Orang yang beragama di tingkat af’al (semua) perbuatan Tuhan, artinya beragama di derajat syariat. Orang yang beragama di tingkat asma’ (nama) Tuhan, artinya sudah berada di derajat thariqat. Atau asma Allah wajib mengantarkan kepada Ahad. Beragama di tingkat sifat Tuhan artinya telah duduk pada martabat hakikat. Sedang beragama di tingkat dzat, menandakan seseorang duduk pada maqam makrifat. Keempat thabaqat (tingkatan) ini, belum tersampaikan kepada Ahad.

Ahad, bukan pembuktian di awal, tengah, dan akhir. Iman yang dapat mencapai Ahad, sudah tercapai diam sajalah, sebab tidak ada lagi yang dibicarakan. Bila Ahad dibicarakan pasti dianggap salah, apalagi didiskusikan. Kepercayaan bangsa Arab dan bangsa-bangsa di dunia, sudah menjadikan Allah sebagai Tuhan. Allah merupakan nama yang tua yang pernah dan akan dipakai manusia untuk mewakili sosok yang agung. Allah juga dipahami pencipta, pengasuh, pemelihara alam semesta. Semua yang ada adalah ciptaan-Nya.

Buktinya, orang-orang kafir Mekah dahulu, sekali-pun mereka menyembah berhala, namun ketika ditanya, perbuatan siapakah yang menciptakan langit dan bumi. Pasti, mereka menjawab Allah. Siapakah yang menurunkan hujan dari langit, mereka pasti menjawab Allah.

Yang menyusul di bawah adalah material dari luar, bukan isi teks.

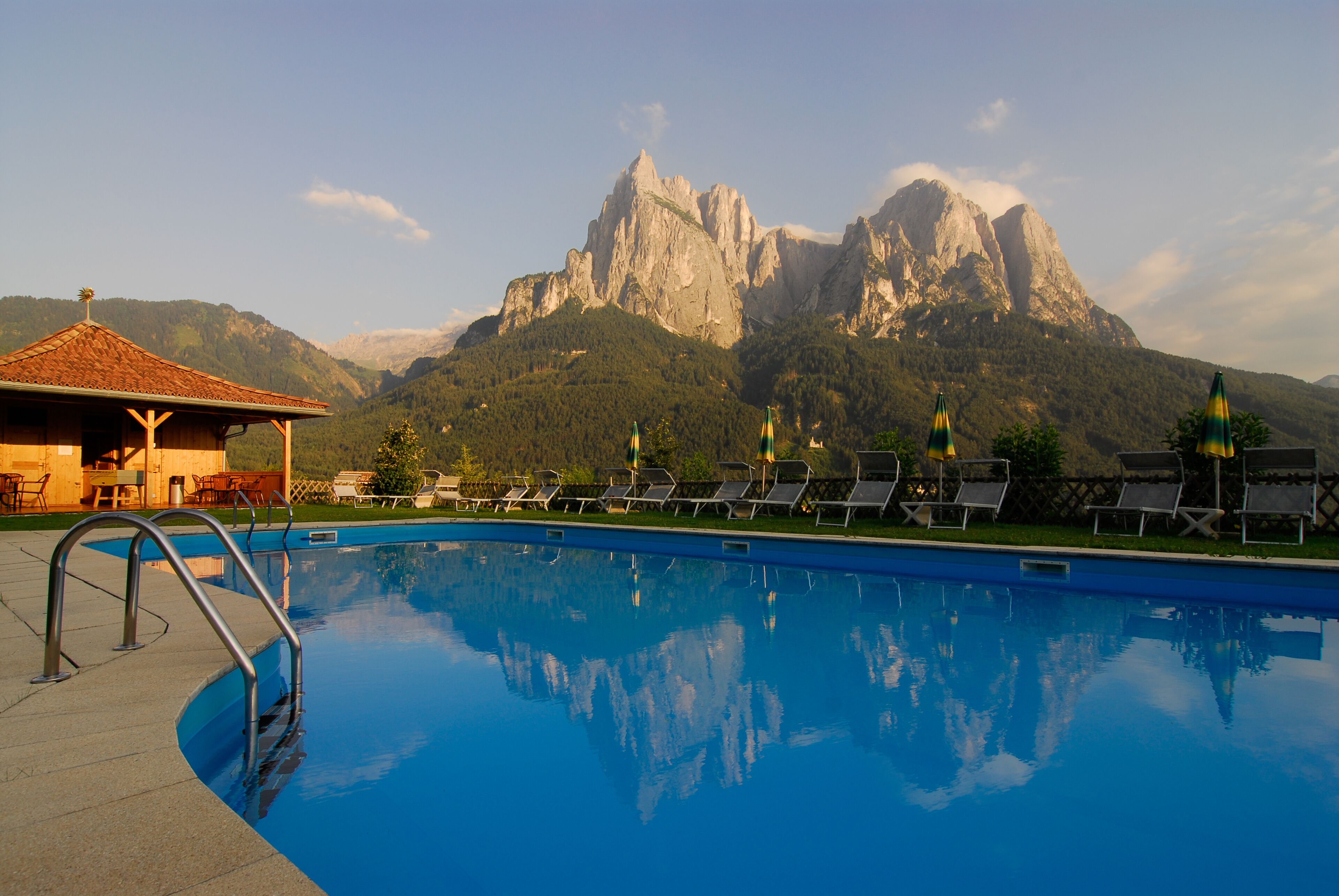 A swimming pool with lounge chairs and a mountain backdrop.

Lalu, mengapa mereka bisa dipalingkan dari kebenaran. Ingatkah, peristiwa Musa dan Khidir menunjukkan bahwa Khidir (Balya bin Malkan Khidir Abul Abbas) berada di tingkat hakikat. Seperti membunuh anak laki-laki, membangun rumah dan merusak kapal, semua itu pandangan hakikat. Perbuatan Khidir Balya bin Mulkan Abul Abas selalu diprotes oleh Musa (syariat).

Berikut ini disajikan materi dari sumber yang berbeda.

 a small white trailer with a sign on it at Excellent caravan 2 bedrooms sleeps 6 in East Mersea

Ahad, bukan untuk dibantah lagi. Meski bagaimana cara membantah-Nya, Dia tak terbantahkan. Dia tidak pernah mengeluarkan perintah, dan Dia tidak pernah mengeluarkan larangan. Capaian gelar ilmu pengetahuan tertinggi manapun di dunia, tidak mampu mengimani Ahad, kecuali hidayah. Justru para pemuka agama, pemangku jabatan, pengampu ilmu pengetahuan, kebanyakan dari mereka tidak beriman, menolak Ahad. Berulang kali dalam kitab suci disebutkan bantahan dari orang-orang terkemuka, ” waqalal mala’ulladzina kafaru … ” Mereka yang menolak kenabian Nuh, Hud, Luth, Saleh, Ibrahim.

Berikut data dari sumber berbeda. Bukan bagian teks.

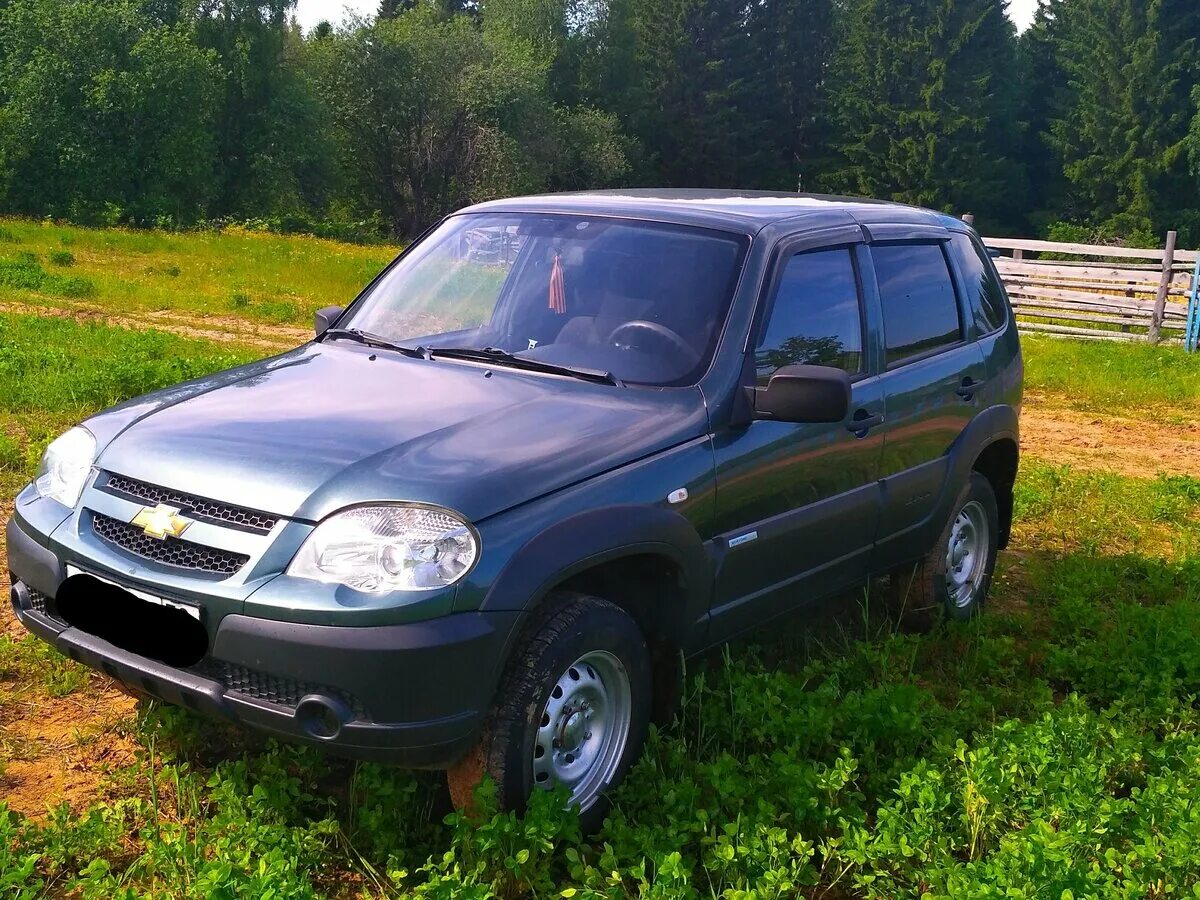 Нива шевроле цвета фото Купить б/у Chevrolet Niva I Рестайлинг 1.7 MT (80 л.с.) 4WD бензин механика в Пе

Semua amaliyah perkataan, perbuatan dan hati tidak tergusur oleh Ahad. Justru imaniyah, amaliyah, ihsaniyah memperkukuh ahadiyah. Bukan bertolakbelakang. Sebab, tolok-ukur syariat adalah hakikat, tolok-ukur hakikat adalah makrifat, tolok-ukur makrifat adalah ahadiyat. Ini bukan persoalan ilmu pengetahuan, tetapi diatasnya, itu bukan persoalan logika, namun diatasnya. Bukan isim (nama), bukan sifat, bukan perbuatan (kerja), bukan zat. Kalau nama, Dia bisa hapus, kalau sifat, Dia bisa pupus. Kalau perbuatan, Dia bisa hilang, kalau zat, Dia cair, padat dan menguap. Tuhan tidak bersama Allah, dan Allah tidak bersama Tuhan. Ternyata, Allah adalah isim (nama) yang telah dikenal setua bumi dan langit (Yahudi, Nasrani, Majusi, Shabi’in) bahkan sebelum-nya. Firman Tuhan: “Dan ketika engkau (Muhammad) bertanya kepada mereka, siapakah yang menciptakan langit dan bumi, serta menundukkan matahari dan bulan? Pasti mereka menjawab: Allah. Maka, mengapa mereka bisa dipalingkan (dari kebenaran).” (Al-ankabut:61).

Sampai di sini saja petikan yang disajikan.